Thursday, March 5, 2015

Archiving Storage Tiers

Tom Coughlin uses Hetzler's touch-rate metric to argue for tiered storage for archives in a two-part series. Although there's good stuff there, I have two problems with Tom's argument. Below the fold, I discuss them.

First, Tom's just wrong about Facebook's optical storage when he writes:
Finally let’s look at why a company like Facebook is interested in optical archives. The figure below shows the touch rate vs. response time for an optical storage system with a goal of <60 seconds response time, which can be met at a range of block sizes with 12 optical drives per 1 PB rack in an optical disc robotic library.
The reason Facebook gets very low cost by using optical technology is, as I wrote here, that they carefully schedule the activities of the storage system to place a hard cap on the maximum power draw, and to provide maximum write bandwidth. They don't have a goal of <60s random read latency. Their goals are minimum cost and maximum write bandwidth. The design of their system assumes that reads almost never happen, because they disrupt the write bandwidth. As I understand it, reads have to wait while a set of 12 disks is completely written. Then all 12 disks of the relevant group are loaded, read and the data staged back to the hard disk layers above the optical storage. Then a fresh set of 12 disks is loaded and writing resumes.

Facebook's optical read latency is vastly longer than 60s. The system Tom is analysing is a hypothetical system that wouldn't work nearly as well as Facebook's given their design goals. And the economics of such a system would be much worse than Facebook's.

Second, it is true that Facebook gains massive advantages from their multi-tiered long-term storage architecture, which has a hot layer, a warm layer, a hard-disk cold layer and a really cold optical layer. But you have to look at why they get these advantages before arguing that archives in general can benefit from tiering. Coughlin writes:
Archiving can have tiers. ... In tiering content stays on storage technologies that trade off the needs (and opportunities) for higher performance with the lower costs for higher latency and lower data rate storage. The highest value and most frequently accessed content is kept on higher performance and more expensive storage and the least valuable or less frequently accessed content is kept on lower performance and less expensive storage.
Facebook stores vast amounts of data, but a very limited set of different types of data, and their users (who are not archival users) read those limited types of data in highly predictable ways. Facebook can therefore move specific types of data rapidly to lower-performing tiers without imposing significant user-visible access latency.

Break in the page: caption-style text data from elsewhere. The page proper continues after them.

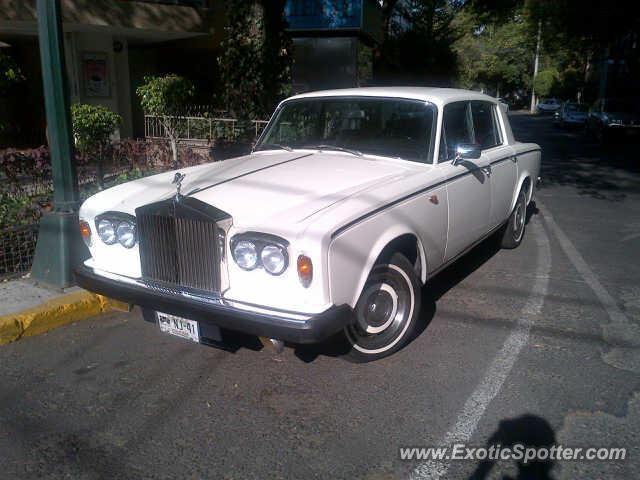 Rolls Royce Silver Shadow spotted in Mexico City, Mexico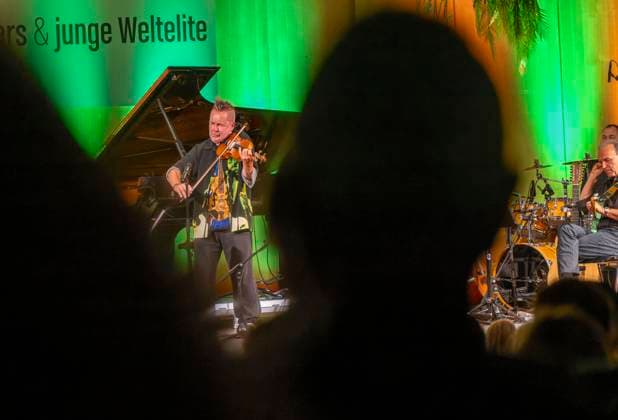 27.09.2023, Internationales Klassikfestival: Festival der Nationen 2023, im Kurhaus Bad Wörishofen im Unterallgäu, Der britische Violinist Nigel Kennedy & friends, 27.09.2023, Klassikfestival Bad Wörishofen 27.09.2023, Klassikfestival Bad Wörishofen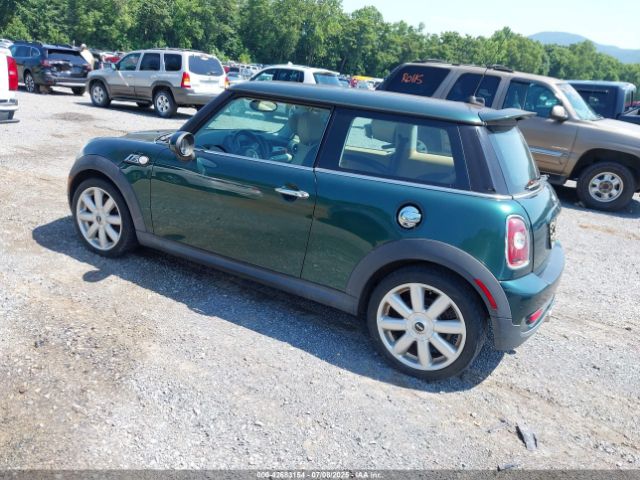 2007 MINI COOPER S WMWMF73547TL83771 Photo 2
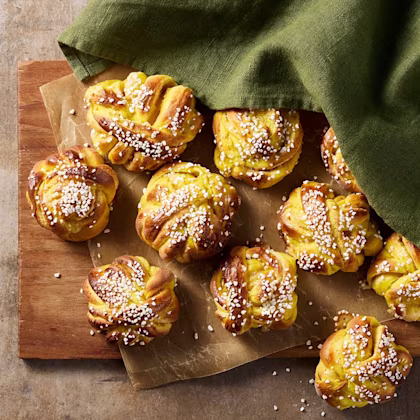 Saffransbullar med mandelmassa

More normal archives, and especially those with real archival users, do not have such highly predictable access patterns and will therefore gain much less benefit from tiering. More typical access patterns to archival data can be found in the paper at the recent FAST conference describing the two-tier (disk+tape) archive at the European Center for Medium-Range Weather Forecasting. Note that these patterns come from before the enthusiasm for "big data" drove a need to data-mine from archived information, which will reduce the benefit from tiering even more significantly.

Fundamentally, tiering like most storage architectures suffers from the idea that in order to do anything with data you need to move it from the storage medium to some compute engine. Thus an obsession with I/O bandwidth rather than what the application really wants, which is query processing rate. By moving computation to the data on the storage medium, rather than moving data to the computation, architectures like DAWN and Seagate's and WD's Ethernet-connected hard disks show how to avoid the need to tier and thus the need to be right in your predictions about how users will access the data.

1 comment:

David. said...

Facebook's BluRay cold storage technology is making its way into the open market. Panasonic has announced "freeze-ray", a product based on it:

"Panasonic worked with Facebook to design the freeze ray systems, Enokido said. But Panasonic won't have the market to itself. Rival Sony recently bought Optical Archive, a Facebook spin-off company that's working on similar technology. Also, Facebook planned to release its cold storage designs through the Open Compute Project, meaning other manufacturers can build similar products."